> [What this task involves] Below are records. Transcribe exactly the lines from the one that contains "Gruppebilde av KMD-ledelsen" through the last line, leaving any pictures out.

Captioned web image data
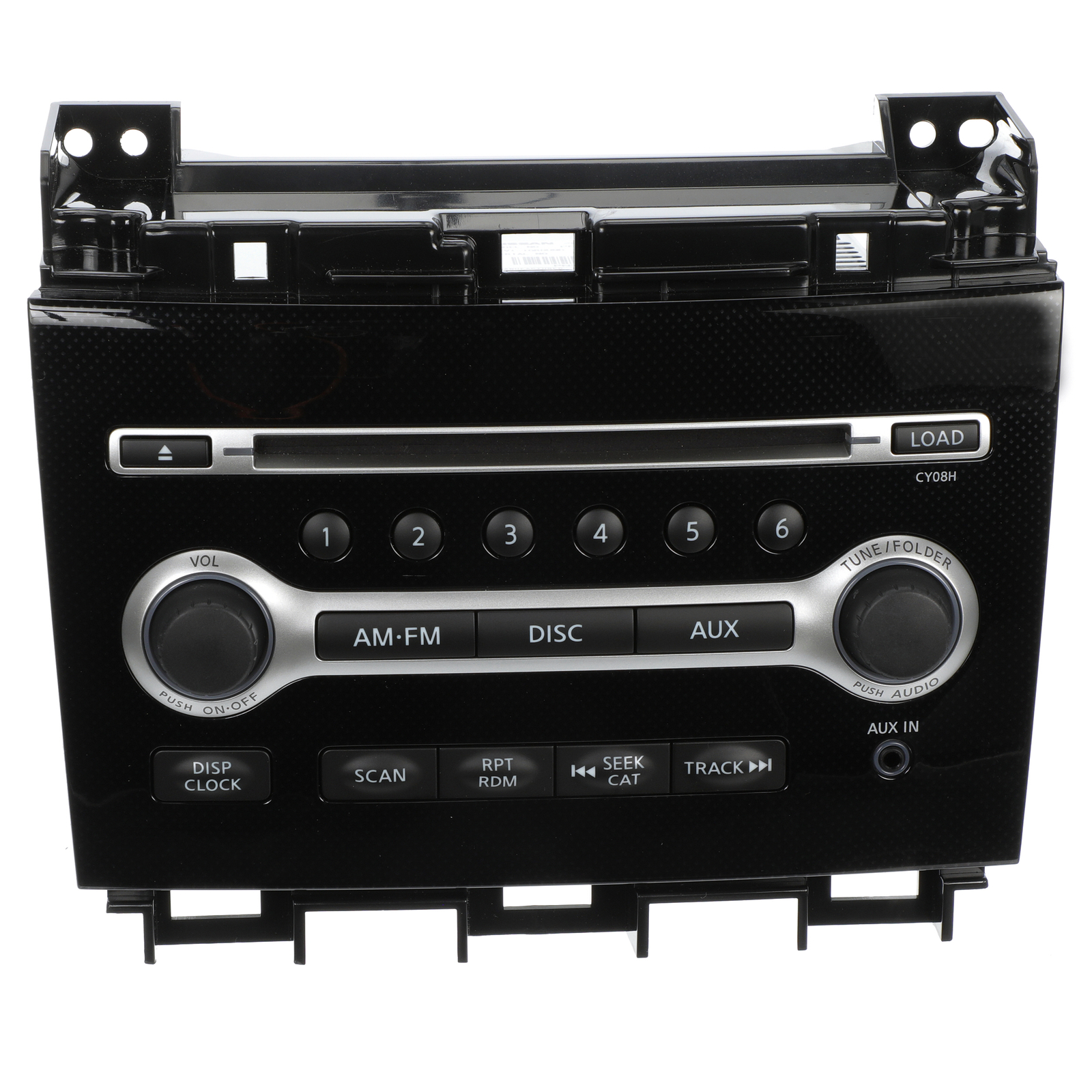 Unidad de control de radio con reproductor de CD para Nissan Maxima 2009-2011 (N/P 28185-ZX76A)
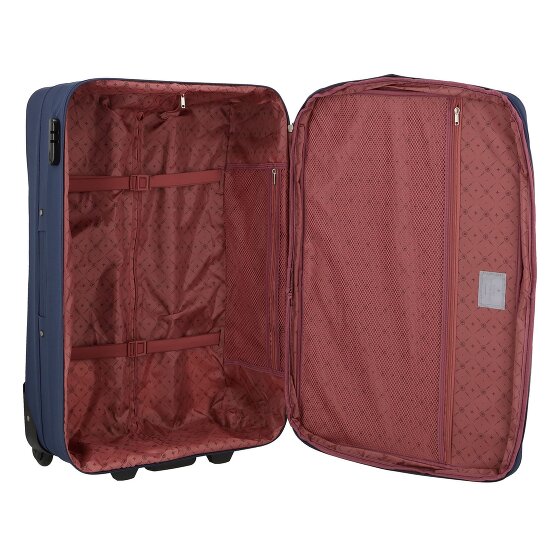 Gladiator 2100 2 Rollen Trolley 72 cm mit Dehnfalte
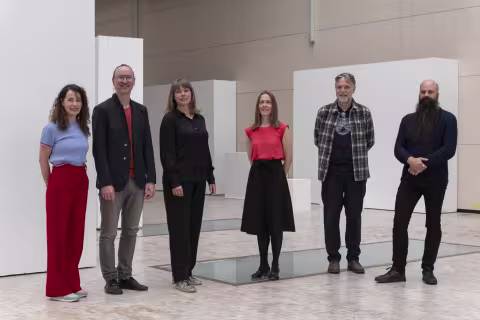 Gruppebilde av KMD-ledelsen og senterledelsen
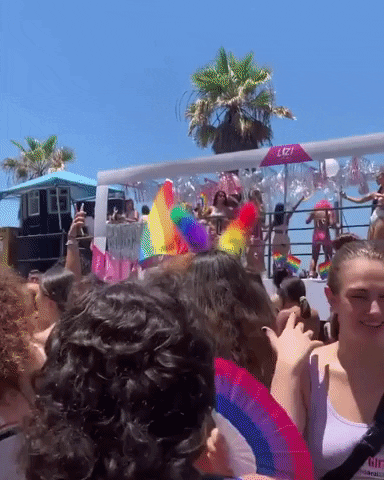 Tel Aviv Pride GIF by Storyful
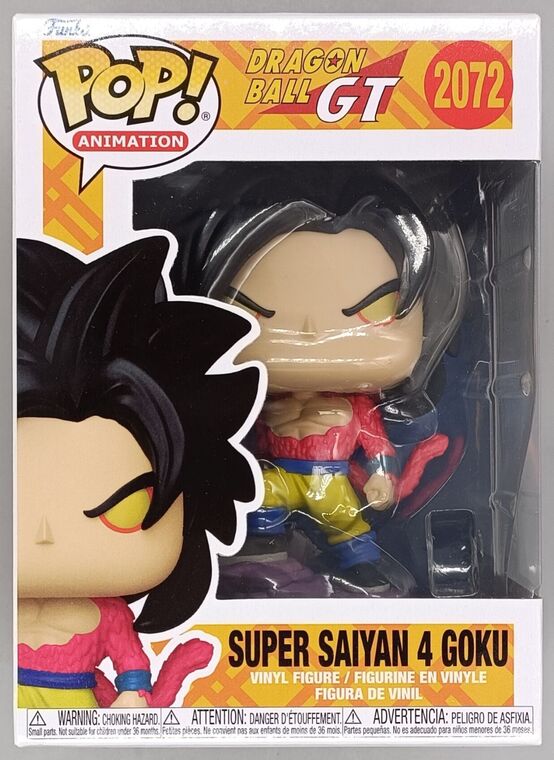 #2072 Super Saiyan 4 Goku - Dragon Ball GT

> [Expected answer]
 Gruppebilde av KMD-ledelsen og senterledelsen
 Tel Aviv Pride GIF by Storyful
 #2072 Super Saiyan 4 Goku - Dragon Ball GT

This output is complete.